2014 novel by Zakhar Prilepin

The Monastery (Обитель) is a historical novel by Russian writer Zakhar Prilepin, depicting life inside the Solovki prison camp on the Solovki Islands in the White Sea at the end of the 1920s. It was published in 2014 by the AST publishing house, and in 2020 inspired Alexander Veledinsky to film an eight-part television adaptation starring Sergey Bezrukov.

The Monastery became Prilepin's best-selling book, earning him the Big Book National Literary Award (for the 2013–2014 season) and the Russian Government Prize in the Field of Culture (2016). It has been translated into many languages, including English.

== Plot ==
The novel tells a tragic story of human fates crushed in the grinding wheels of the Soviet repressive system. At its center stands Artyom Goryainov, a young man imprisoned in the Solovetsky Special Purpose Camp (known as SLON) in the late 1920s.

Clever and self-reliant, Artyom quickly learns the harsh rules of survival from an old inmate, Vasily Petrovich.
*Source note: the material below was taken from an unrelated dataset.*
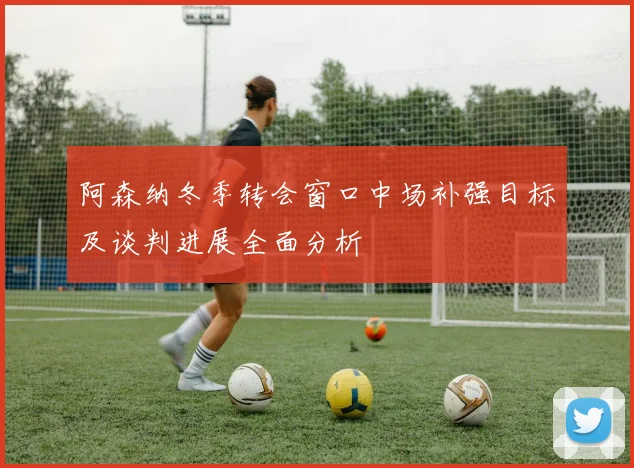 阿森纳冬季转会窗口中场补强目标及谈判进展全面分析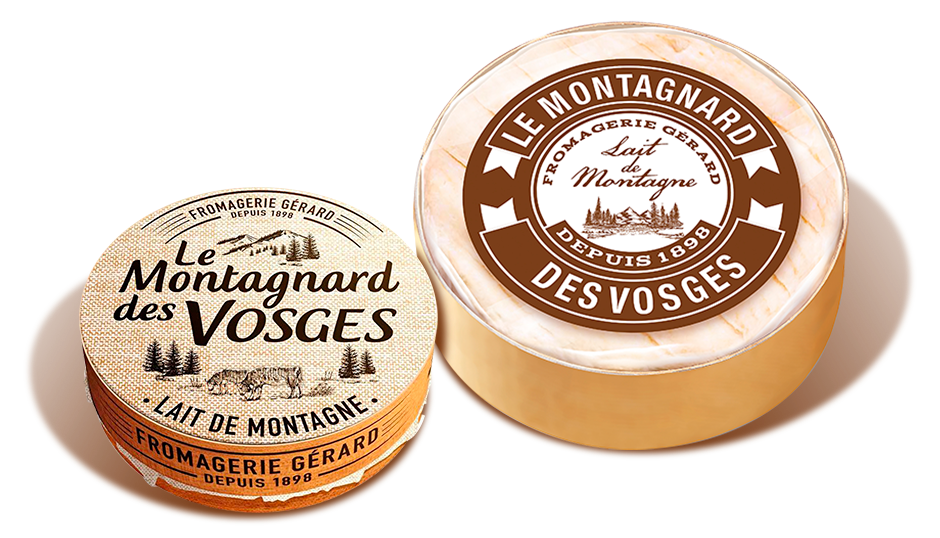 100% Vosges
Thrown into a strange community of convicts — from refined intellectuals and former bishops to murderers and thieves — he faces brutal labor, cruelty, and arbitrary violence. Thanks to his flexible nature and a transfer to the camp's privileged sports unit, Artyom gains access to the relatively "elite" life of the camp intelligentsia. He even meets the camp commandant, Eikhmanis, an encounter that deepens his inner turmoil and moral doubts.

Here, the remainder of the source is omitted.